Both lenders and customers are likely to welcome upcoming changes to the Credit Contracts and Consumer Finance Act (CCCFA) – read on for an outline of the reforms.

Phase one of the financial services reforms includes repealing the CCCFA’s prescriptive affordability regulations altogether. Click here to read the full April 2024 announcement from Commerce and Consumer Affairs Minister Andrew Bayly.

If you have questions about the upcoming changes or your obligations under the CCCFA more generally, please contact our Banking and Finance team.

Phase one details

While the finer details are expected to be confirmed “within the coming months”, we expect the proposal will be welcomed by both lenders and customers in the first instance.

The current regulations were intended to clarify what constitutes “reasonable inquiries” when assessing customer affordability, however, in practise the requirements were considered highly prescriptive. This often translates into disproportionately high compliance costs for lenders, and hurdles for customers.

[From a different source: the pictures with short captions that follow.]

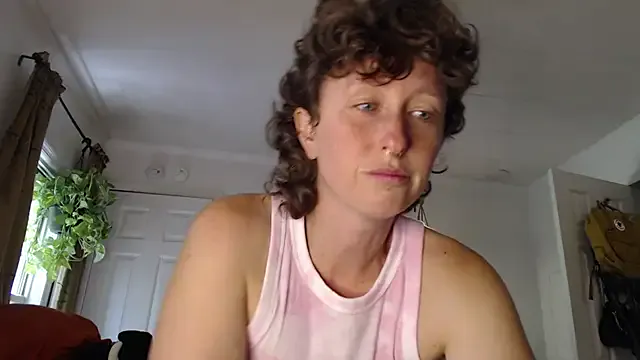 ChocoTime – webcam model profile photo Image 10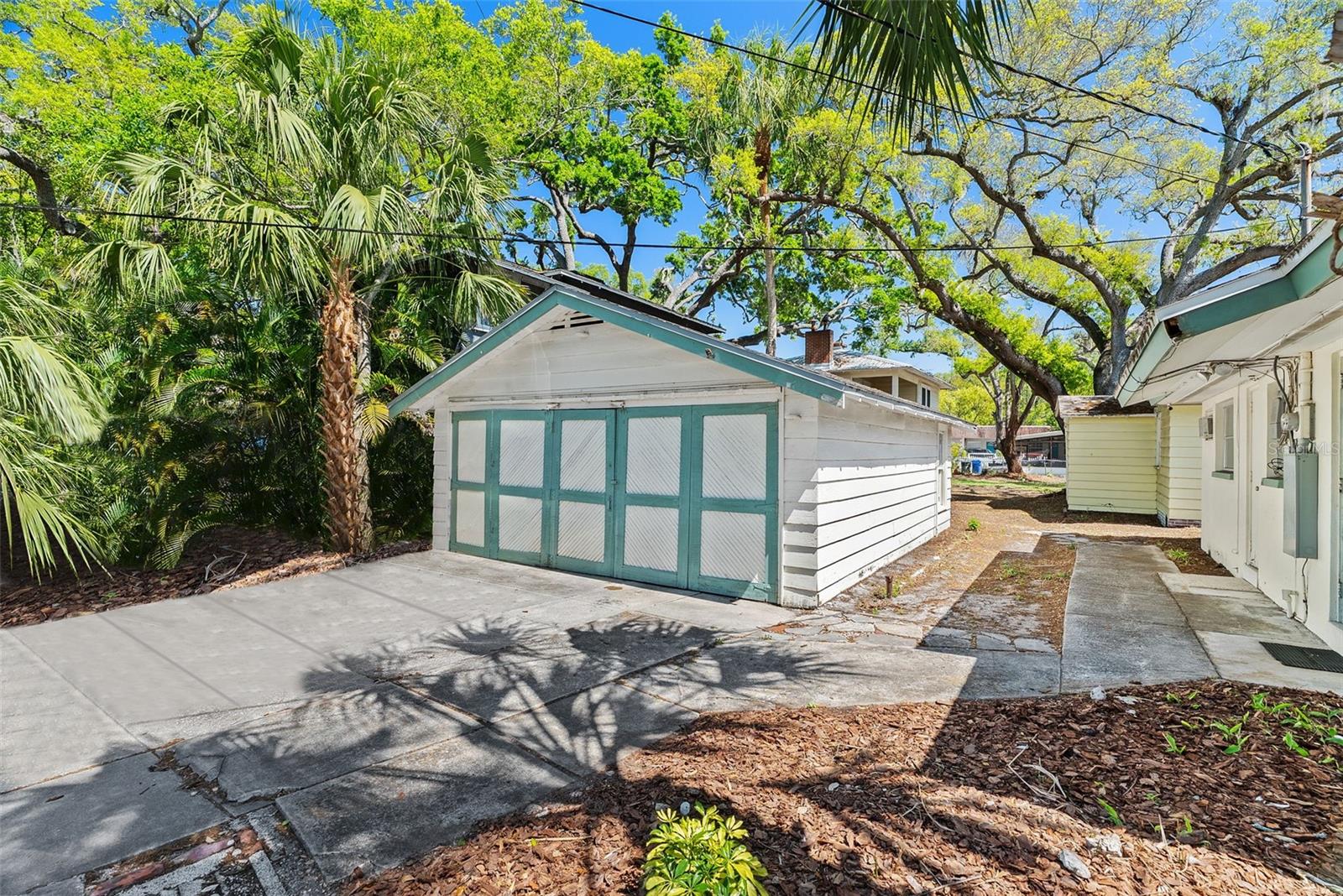 SIMPSON & WIFES ADD - Residential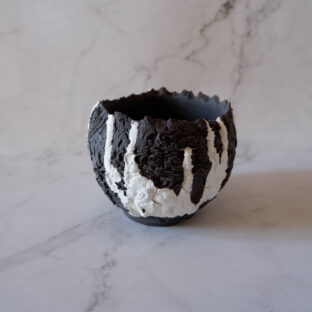 3.5号貫入白化粧捻り裂紋黒鉢240 塊根植物 多肉植物 アガベ 盆栽 植木鉢 作家鉢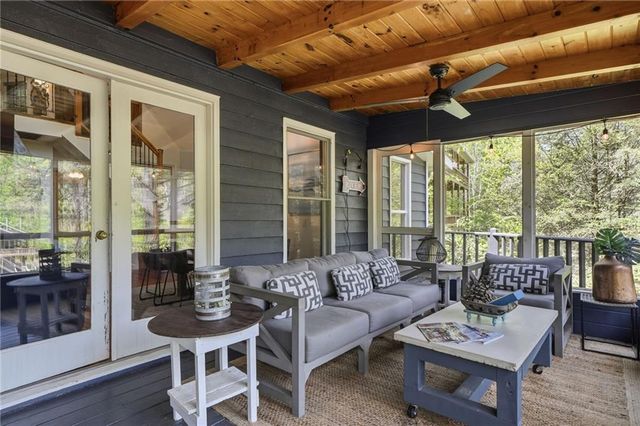 906 Riverside Lane, Blue Ridge, GA 30513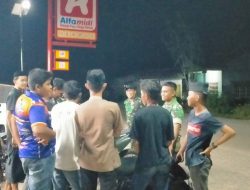 Pastikan Bone Tetap Kondusif, Babinsa Jajaran Kodim 1407/Bone Sisir Wilayah Lewat Patroli Malam
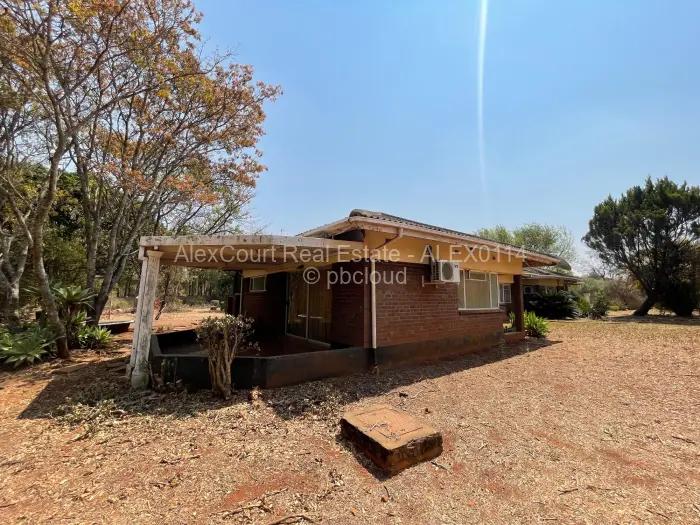 5 Bedroom House for Sale in Hogerty Hill, Harare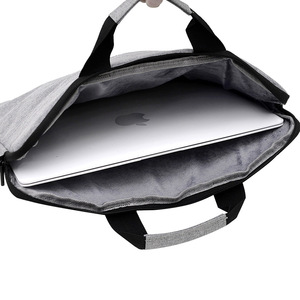 Sac pour ordinateur portable en polyester imperméable, bandoulière respirante, grande capacité, pochette à main, sac à bandoulière, sac pour ordinateur portable portable de 15,6 pouces - Product Image 6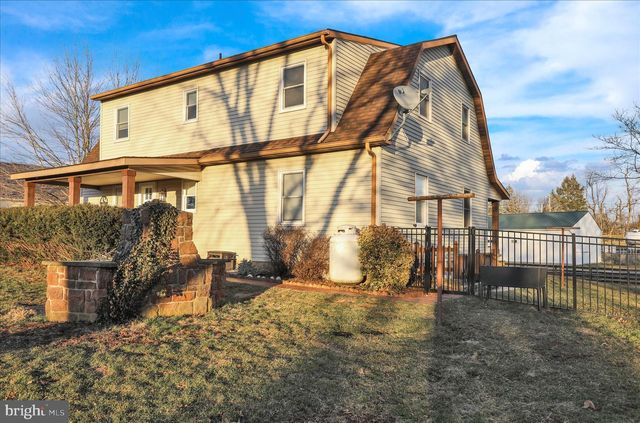 303 GATES RD, Hershey, PA 17033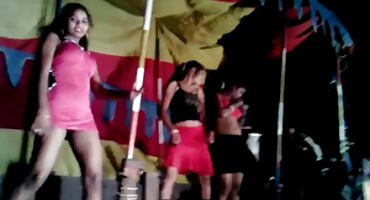 পুরুষদের ভিড়ের সাথে একটি পাতলা বেশ্যার হার্ড পায়ূ লিঙ্গ বিএফ সেক্সি ফুল এইচডি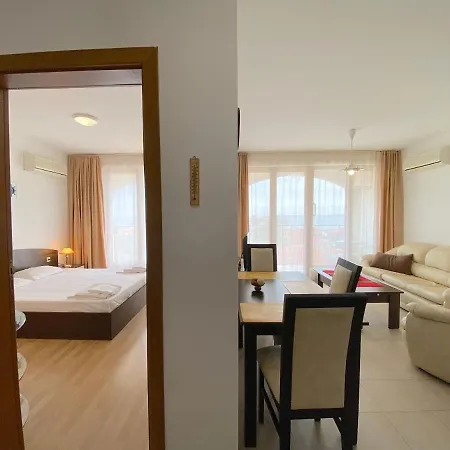 公寓 Triumph Village - Private - Black Sea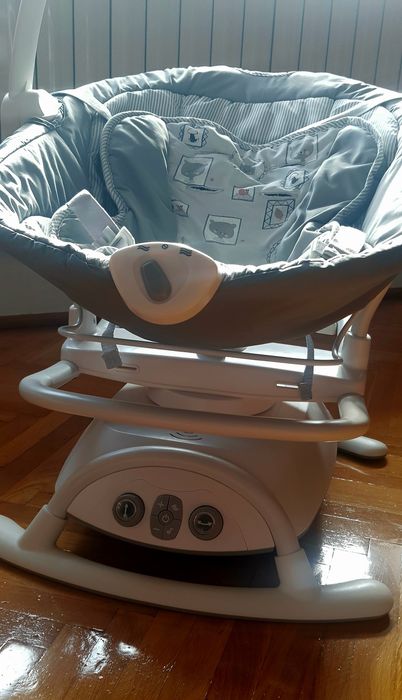 Vand leagan si balansoar rotativ Joie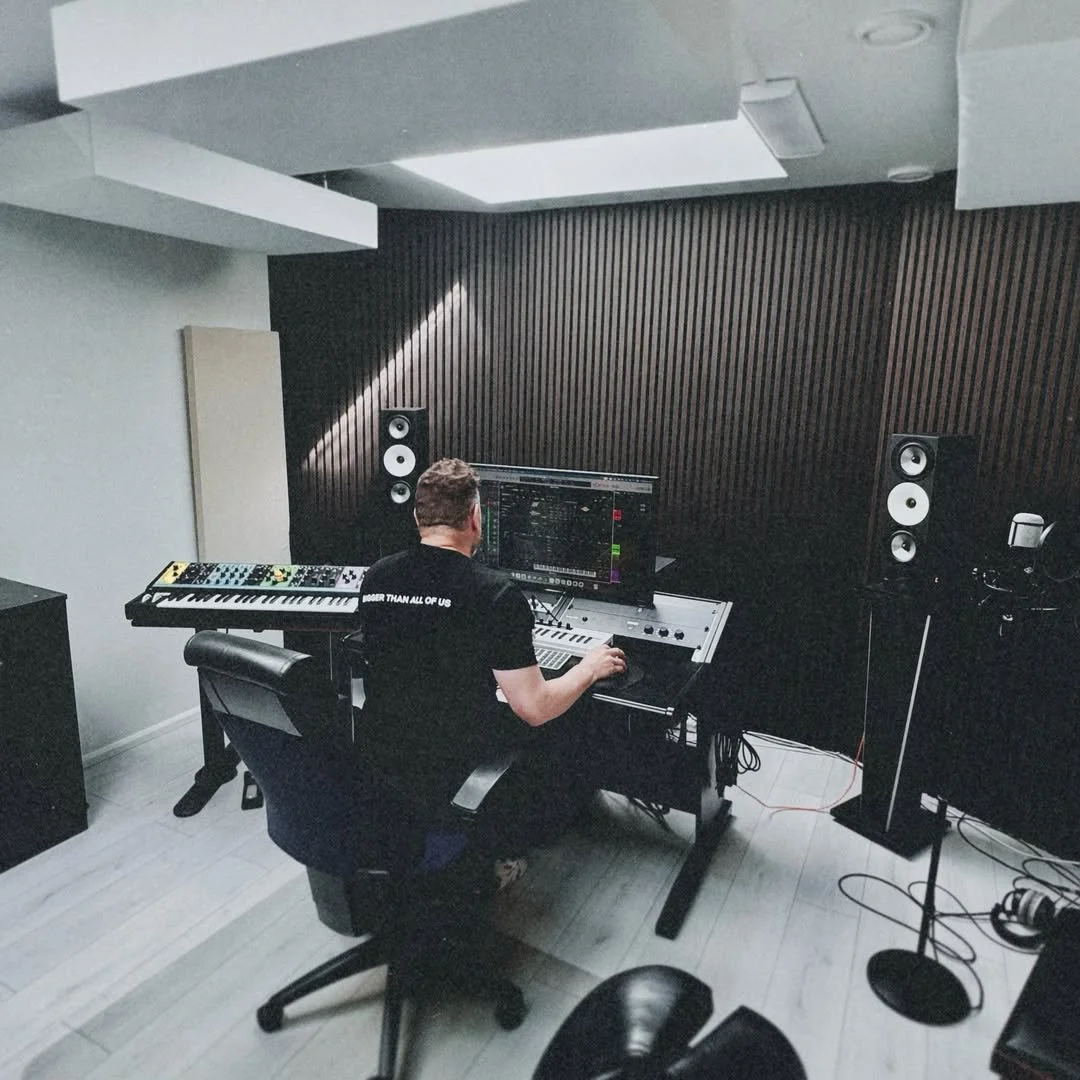 Tuomas Aarnio studiossa 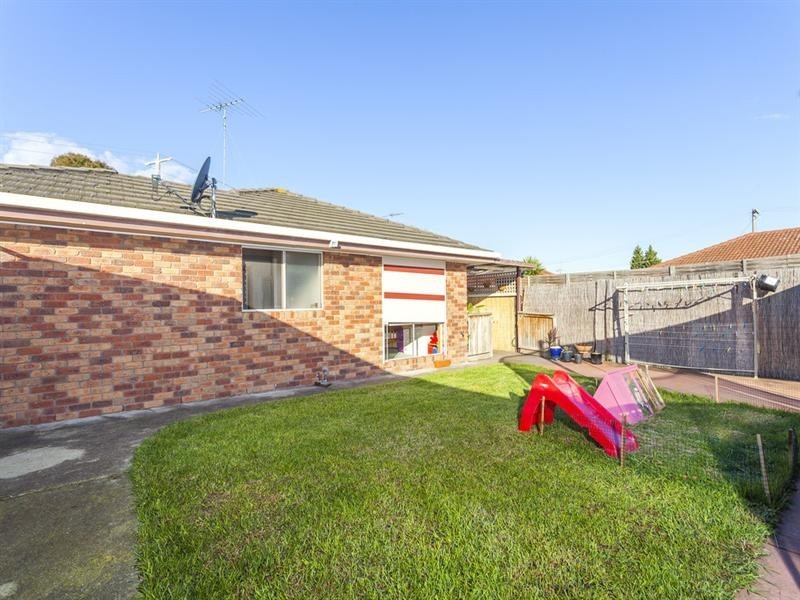 15 Corangamite Drive, Corio VIC 3214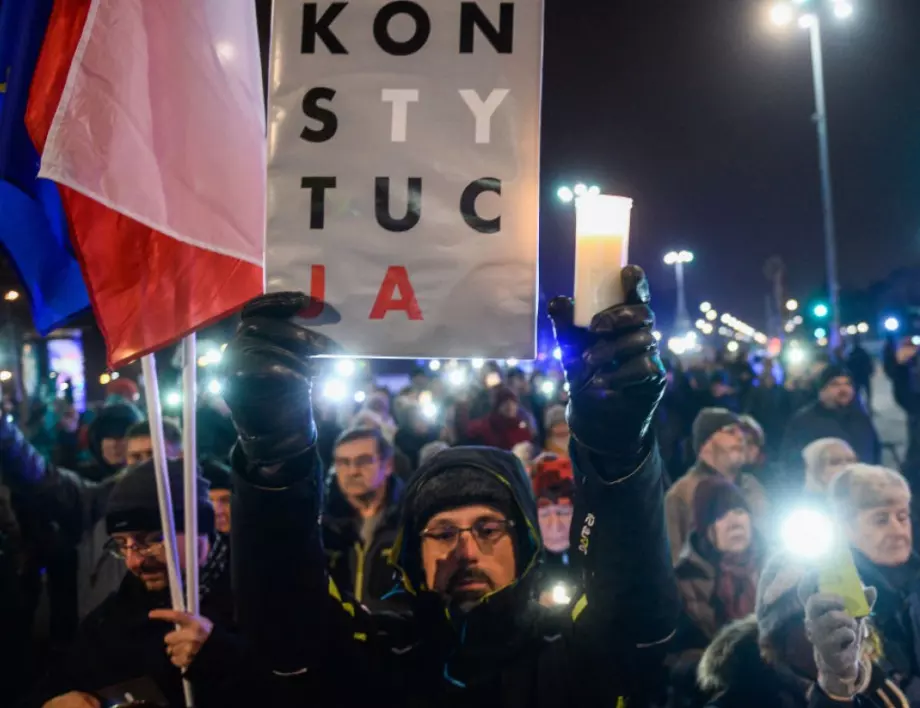 В Полша вървят към "закон за намордника" за съдиите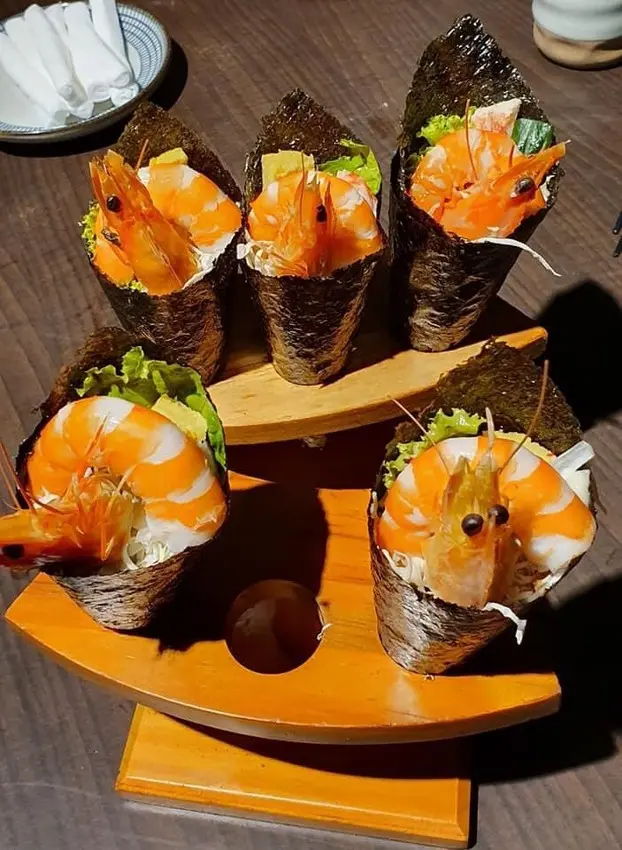 每次去台南一定會去吃這間,這間開了好幾十年的老店 提供寬敞內用 可使用振興五倍券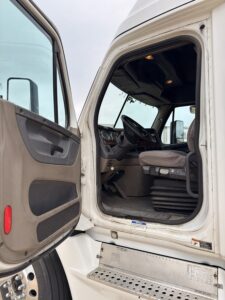2016 Freightliner Cascadia -GV0796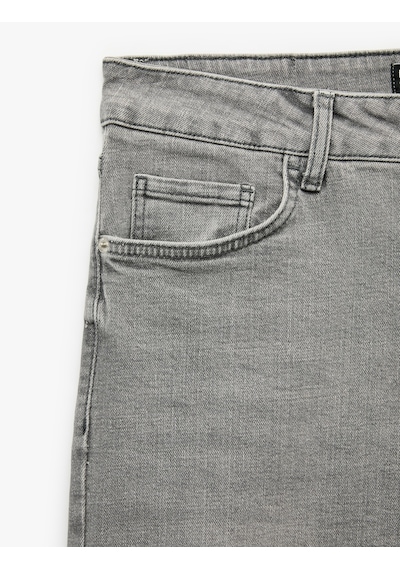 Koton Yıkamalı Cep Detaylı Normal Bel Slim Fit Pamuklu Dar Paça Jean Pantolon - Slim Fit Jeans Gri 7wam40172nd Koton Yıkamalı Cep Detaylı Normal Bel Slim Fit Pamuklu Dar Paça Jean Pantolon - Slim Fit Jeans Gri 7wam40172nd
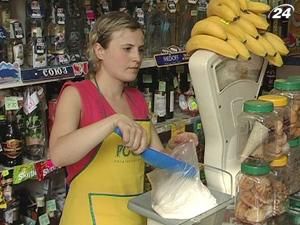 Українці стали більше витрачати на харчі, алкоголь та "комуналку" Українці стали більше витрачати на харчі, алкоголь та "комуналку"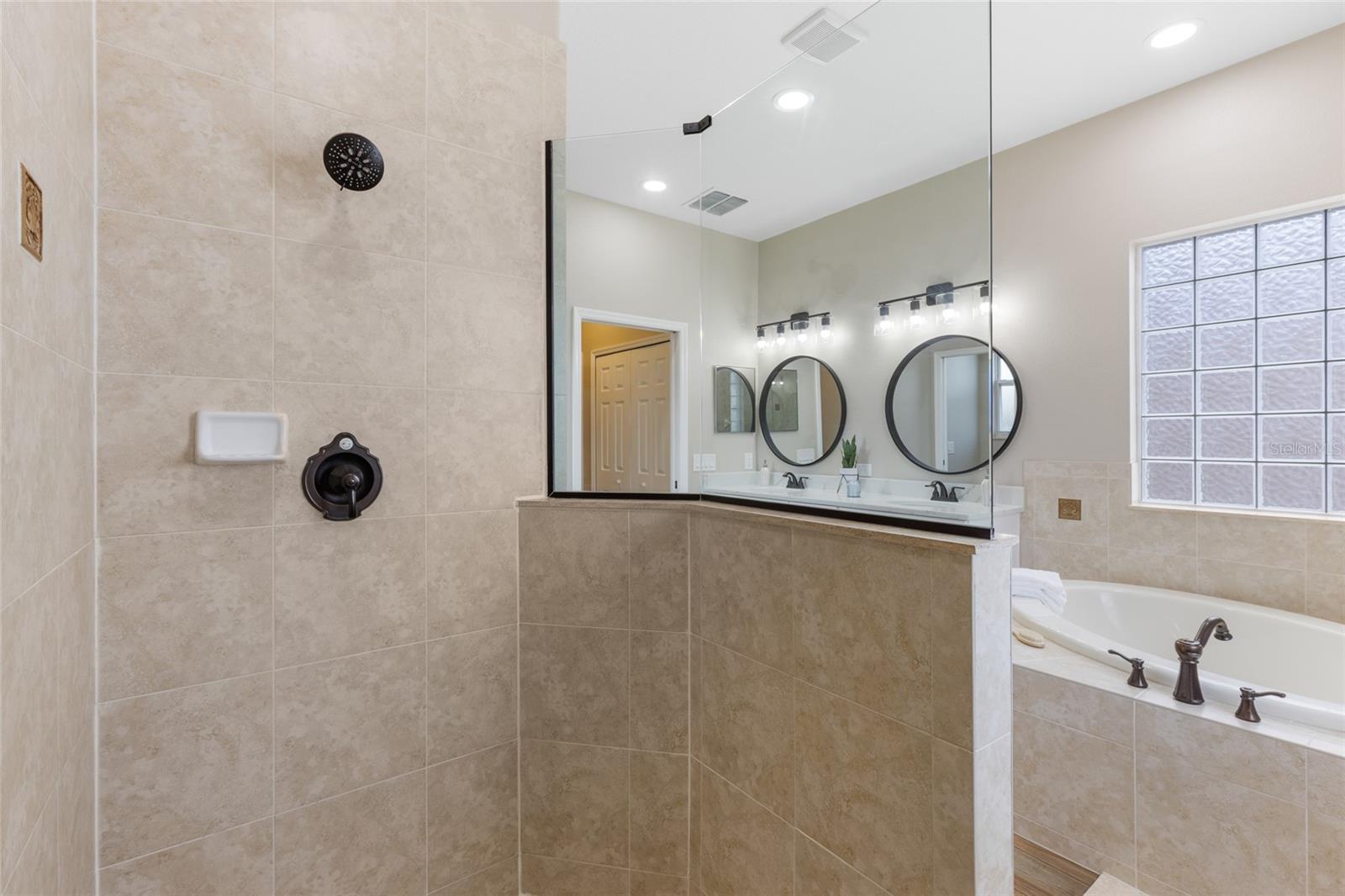Image 24 of 43 For 1044 159th Street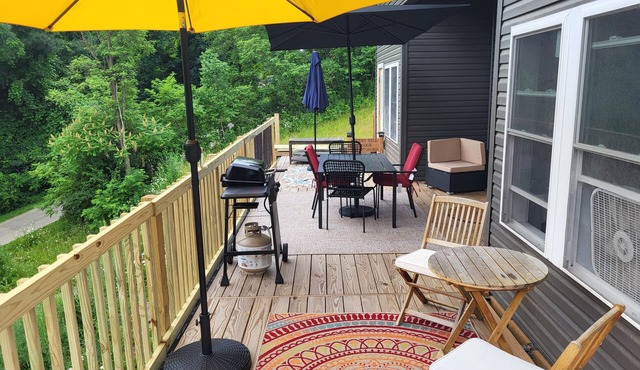 Terry Hill Little Lodge, Cozy, Luxury Comfort overlooking beautiful Keuka Lake!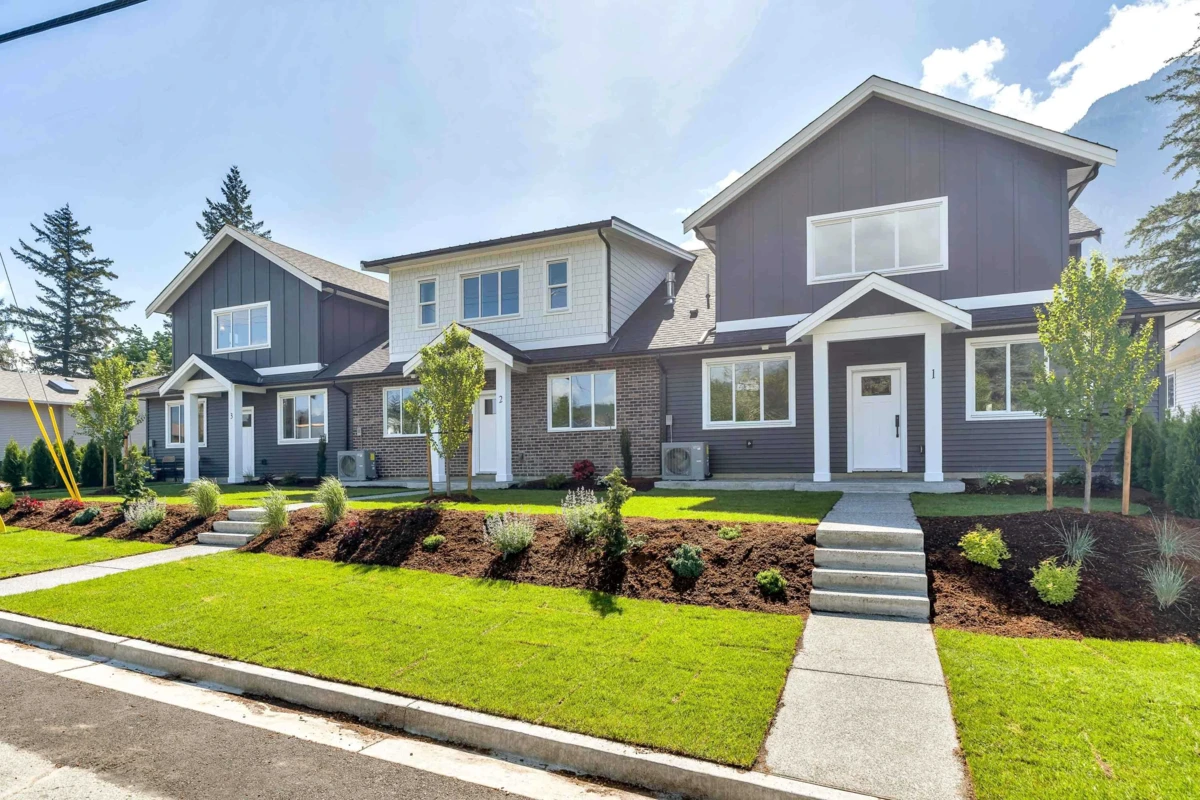 Exterior Rear Photo of 3 558 Park Street, Hope, BC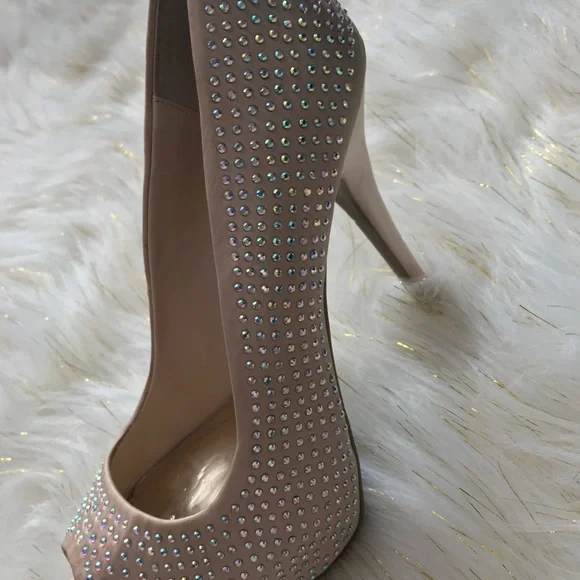 Jessica Simpson size 7 1/2 heels - Picture 2 of 2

A key thing to note is that repealing the regulations will not affect the overarching responsible lending principles. Lenders will still need to make “reasonable inquiries” when assessing customer affordability.

However, rather than working through a prescriptive checklist, lenders will instead be guided by the responsible lending principles when designing affordability assessment procedures that are fit for purpose.

In theory, this should provide greater flexibility for lenders. However, it remains to be seen whether the proposed repeal will result in any substantive change for lenders in terms of their current credit assessment process. This is because the Minister has also signalled that the Responsible Lending Code will be updated to clarify for lenders how they are expected to ensure compliance with the lender responsibility principles.

As they say, the devil is always in the detail.

Additional phase one changes

Several other changes will be introduced in the first phase of the reforms, including:

  • Standardisation of the rules for the four approved financial dispute resolution schemes (Banking Ombudsman, the Insurance and Financial Services Ombudsman, Financial Services Complaints Limited, and the Financial Dispute Resolution Service). This includes an increase in the maximum compensatory amount to NZ$500,000 across all four schemes.
  • New exemptions for local authorities under the CCCFA for voluntary, targeted rates schemes from 25 April 2024 – for example, loans to install insulation or heat pumps.

Phase two changes

 As part of the announcement, the Government provided insight into what will be included in the second phase of the reforms, including: 

  • Legislative reforms to facilitate the transfer of CCCFA regulatory obligations from the Commerce Commission to the Financial Markets Authority.
  • Review of the liability settings for directors and senior managers of lenders under consumer credit contracts, disclosure obligations and high-cost credit provisions in the CCCFA.